• [MATERIAL FOR THE TASK]:
┄┄┄┄┄┄┄┄┄┄┄┄┄┄┄┄┄┄┄┄

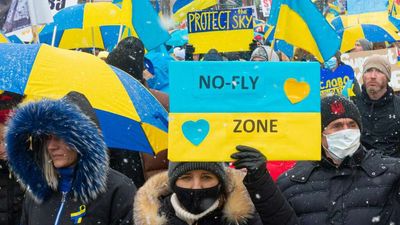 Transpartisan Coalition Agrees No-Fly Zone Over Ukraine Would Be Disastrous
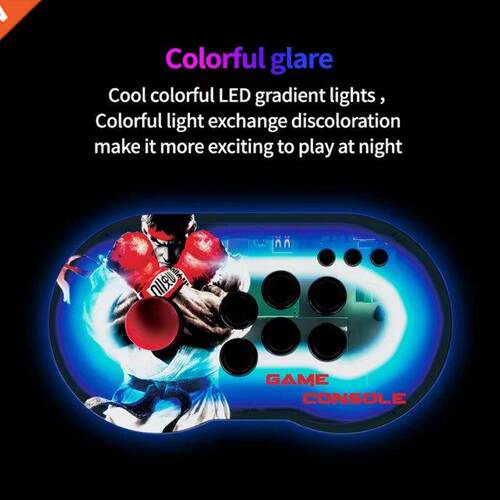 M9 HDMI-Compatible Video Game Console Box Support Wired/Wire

┄┄┄┄┄┄┄┄┄┄┄┄┄┄┄┄┄┄┄┄

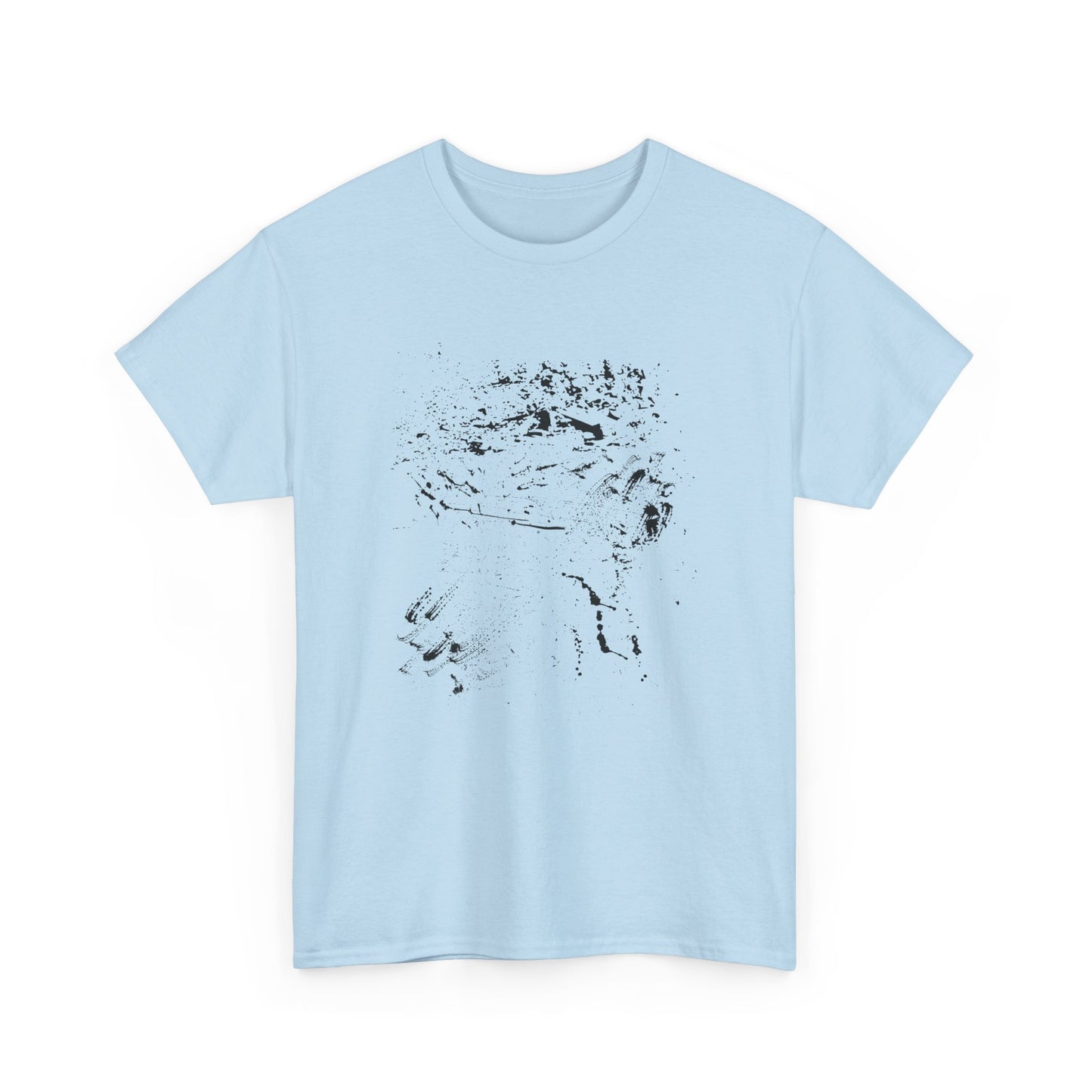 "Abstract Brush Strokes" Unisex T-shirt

┄┄┄┄┄┄┄┄┄┄┄┄┄┄┄┄┄┄┄┄

In the listing above, find the line containing "Transpartisan Coalition Agrees" and the line containing "M9 HDMI-Compatible Video", then print exactly those two lines and every line between them, minus the pictures.

• [RESULT]:
 Transpartisan Coalition Agrees No-Fly Zone Over Ukraine Would Be Disastrous
 M9 HDMI-Compatible Video Game Console Box Support Wired/Wire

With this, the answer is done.